Grantee Research Project Results
Final Report: Using Advanced Statistical Techniques to Identify the Drivers and Occurrence of Historical and Future Extreme Air Quality Events in the United States from Observations and Models
EPA Grant Number: R835228Title: Using Advanced Statistical Techniques to Identify the Drivers and Occurrence of Historical and Future Extreme Air Quality Events in the United States from Observations and Models
Investigators: Heald, Colette L. , Hodzic, Alma , Reich, Brian , Cooley, Dan
Institution: Massachusetts Institute of Technology , North Carolina State University , National Center for Atmospheric Research , Colorado State University
Current Institution: Massachusetts Institute of Technology , Colorado State University , National Center for Atmospheric Research , North Carolina State University
EPA Project Officer: Chung, Serena
Project Period: June 1, 2012 through May 31, 2015 (Extended to May 31, 2016)
Project Amount: $749,931
RFA: Extreme Event Impacts on Air Quality and Water Quality with a Changing Global Climate (2011) RFA Text | Recipients Lists
Research Category: Air Quality and Air Toxics , Climate Change , Watersheds , Air , Water
Objective:
Extreme air quality events are largely attributable to meteorological conditions that lead to the formation and collection of pollutants. Events of extreme air quality degradation have costs to human health and society. While the meteorological conditions that lead to high pollution levels are relatively well understood, it is less understood what conditions distinguish extreme events from merely high events. Atmospheric models’ ability to produce or predict behavior at the most extreme levels is largely untested. Further, understanding links between meteorology and extreme air quality events is essential to projection of extreme events under a future changed climate. We quantify and model relationships between extreme air quality events and meteorology based on the observational record and verify with what fidelity models reproduce the relationships between extreme weather and air quality for present day and then project how these might change in the future.

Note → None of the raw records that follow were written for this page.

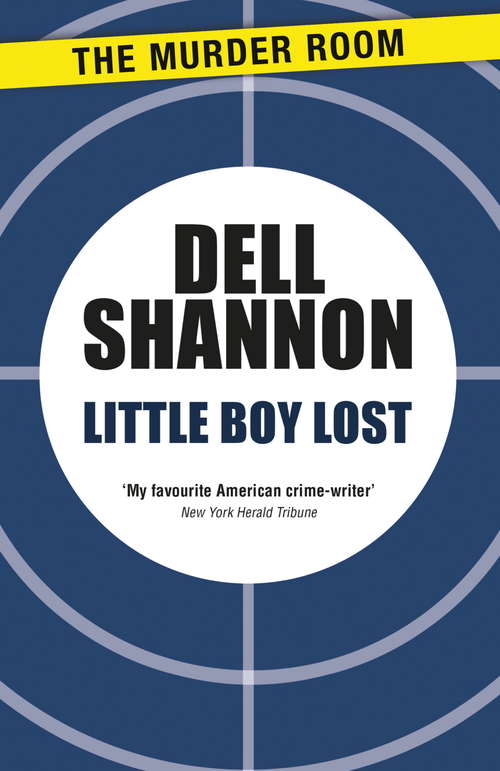 Book cover of Little Boy Lost (Jesse Falkenstein)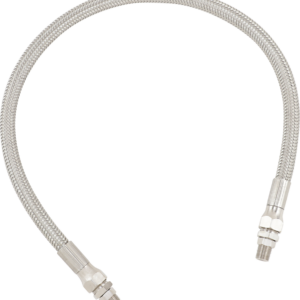 Universal Oil Line - Stainless Steel - 20"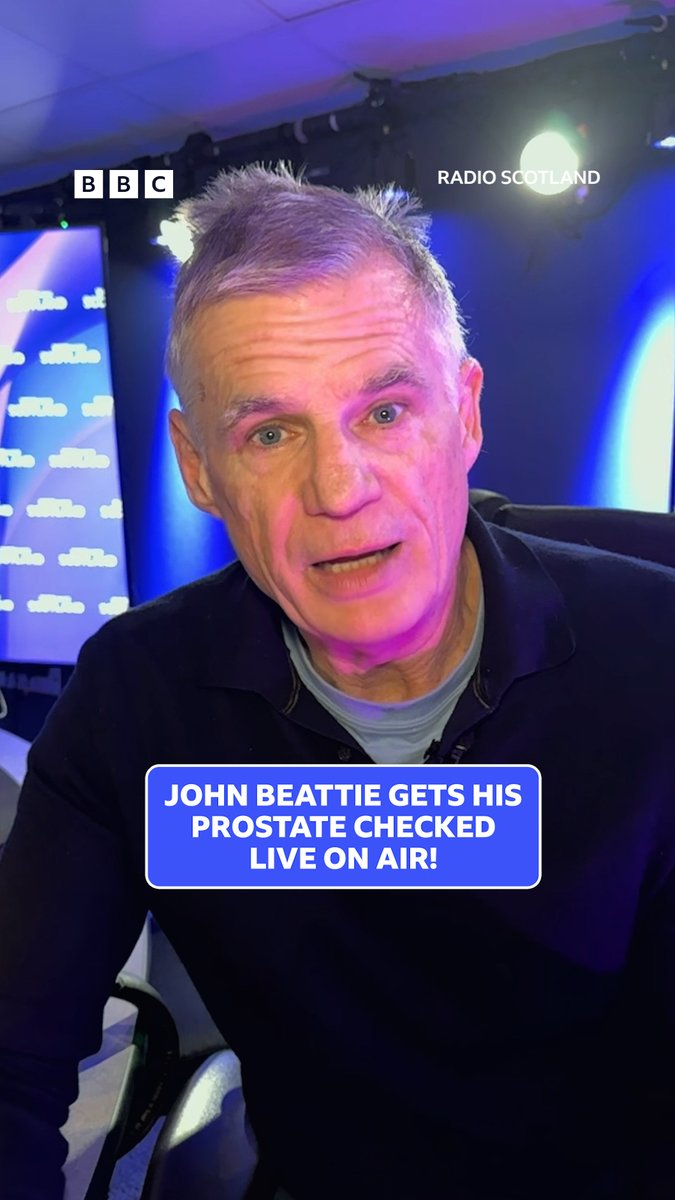 What really happens during a prostate exam? John Beattie demystifies the 20 second test that could save your life. Listen to more from Mornings on BBC Sounds: #Mornings #Johnbeattie #ProstateExam #RSVis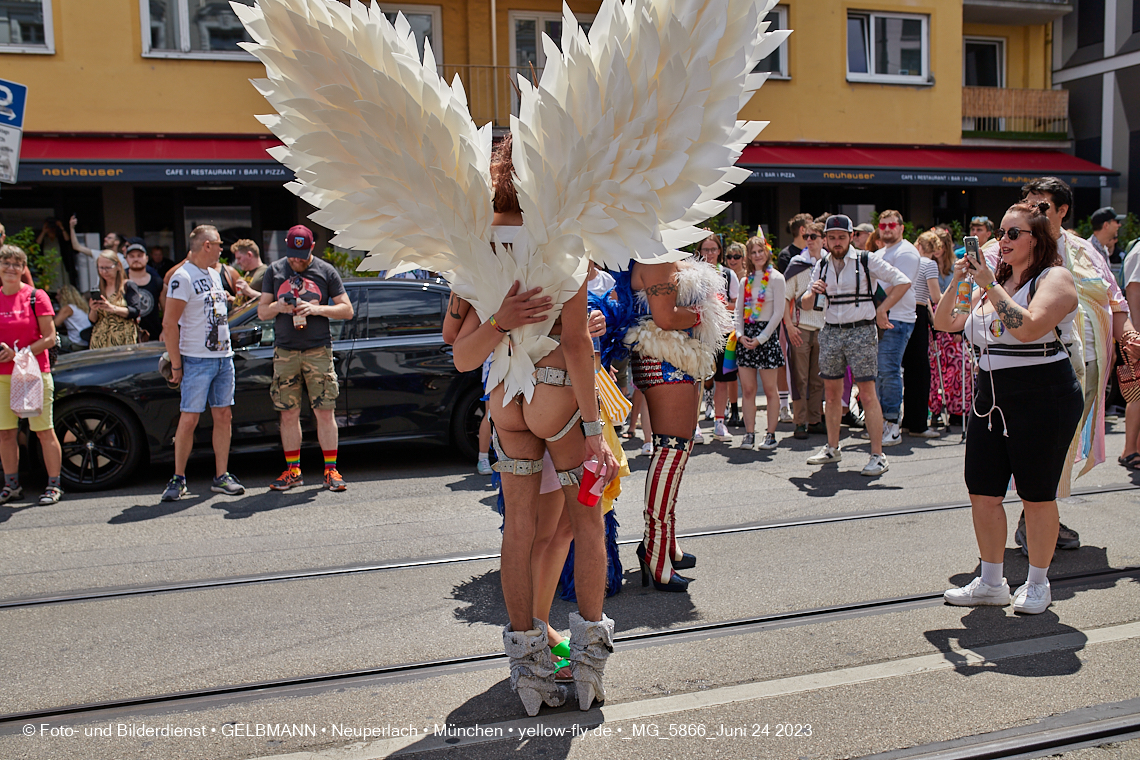 24.06.2023 - Christopher Street Day CSD 2023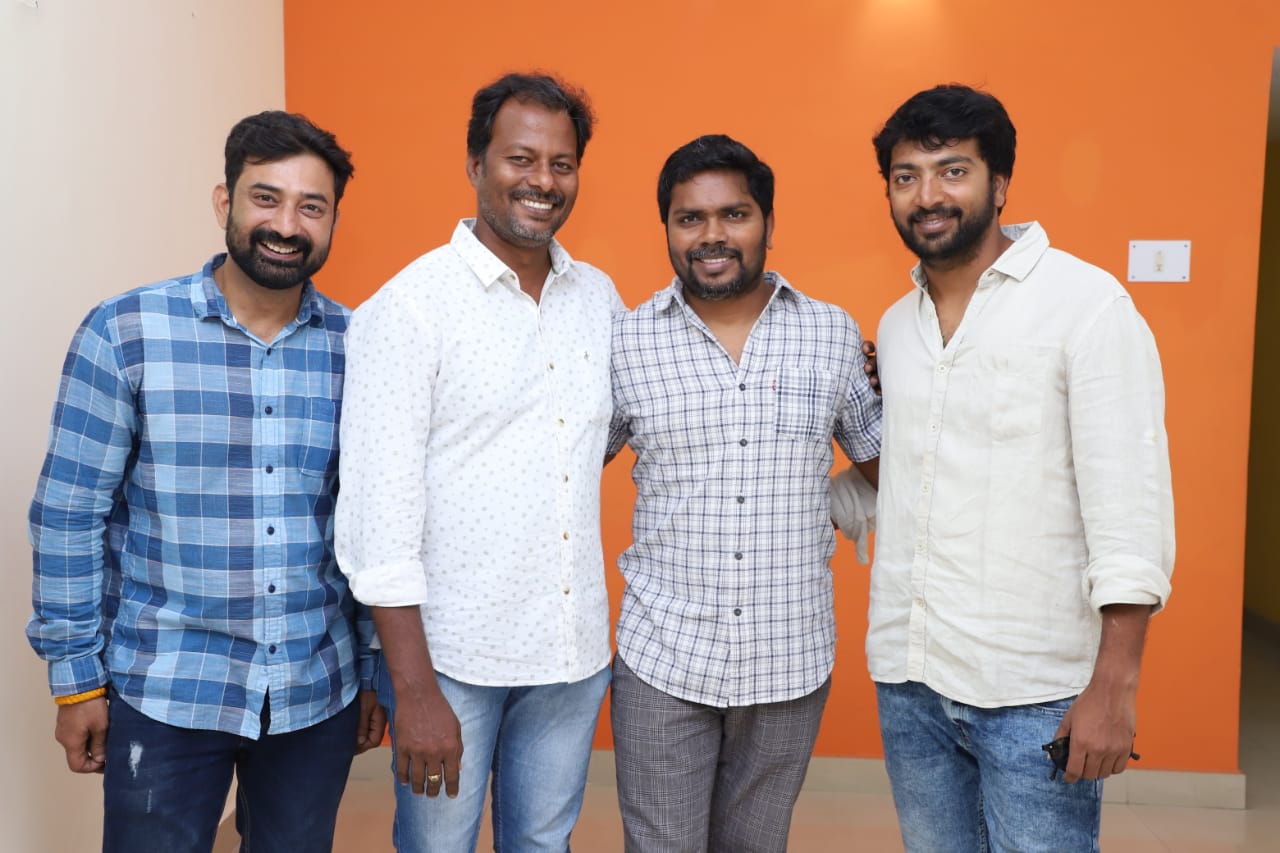 இயக்குனர் பா.இரஞ்சித் தயாரிக்கும் புதுப்படம்..!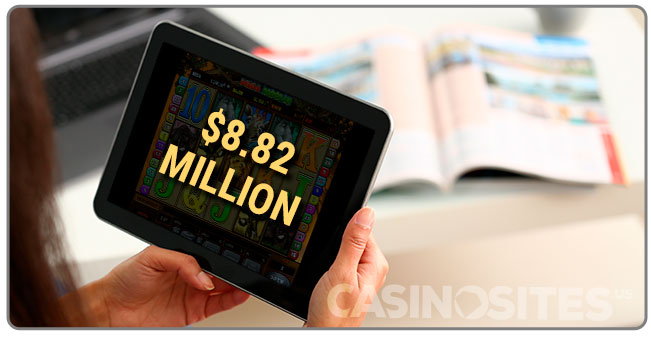 Image of DP $8.82 Million Online Casino Win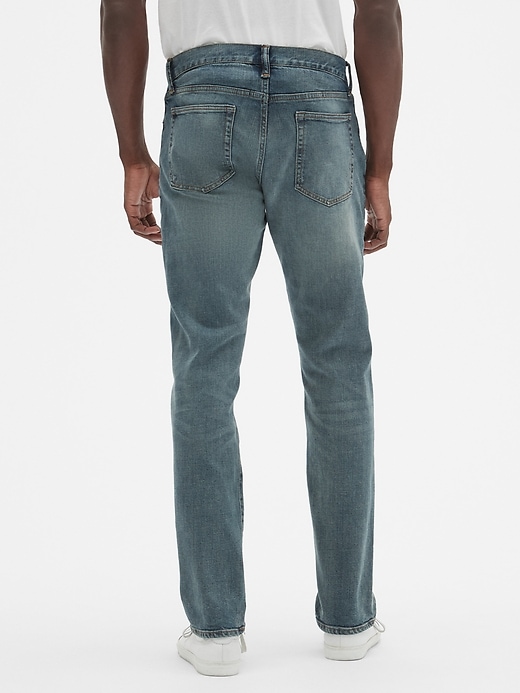 View large product image 2 of 3. Slim Fit GapFlex Jeans with Washwell&#153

Summary/Accomplishments (Outputs/Outcomes):
We identify which meteorological drivers most strongly control winter and summer particulate matter (PM) and ozone air pollution over the United States. To do so, we employ existing statistical methods like quantile regression, and develop new statistical methods such as spatial modeling with a skew-T distribution and employing extreme value based methods to perform data mining and spatially model meteorological drivers of the most extreme air quality events. We identify that the sensitivity of pollution to meteorology can differ significantly with pollutant levels, for example, 95th percentile O3 concentrations are ~ 50% more sensitive to temperature than 50th percentile ozone. This behavior in O3-T is not uniformly reproduced by global models, and appears to be more strongly influenced by dynamics than by chemistry. At the regional scale, we applied both quantile regression and the tail dependence method to examine the relationship between extreme ozone and meteorological covariate and showed significant differences between observational data and model outputs, which were strongly dependent on the measurement site. Via data mining of the observational record, we are able to discern variables that help lead to extreme behavior such as the wind direction. Spatially modeling the drivers of extreme ozone shows that the strength of the relationship between extreme ozone response and meteorological drivers changes from north to south in our study area of EPA regions 3 and 4. We also developed and tested several new statistical algorithms for extreme value analysis, and made software available for public use. The new methods were applied to estimate a 14.2% (1.6%, 28.9%) increase on the mortality risk of exceeding the current ozone standard due to projected climate change. We also demonstrated at 30% reduction in prediction error for daily ozone by using our new statistical downscaling tools.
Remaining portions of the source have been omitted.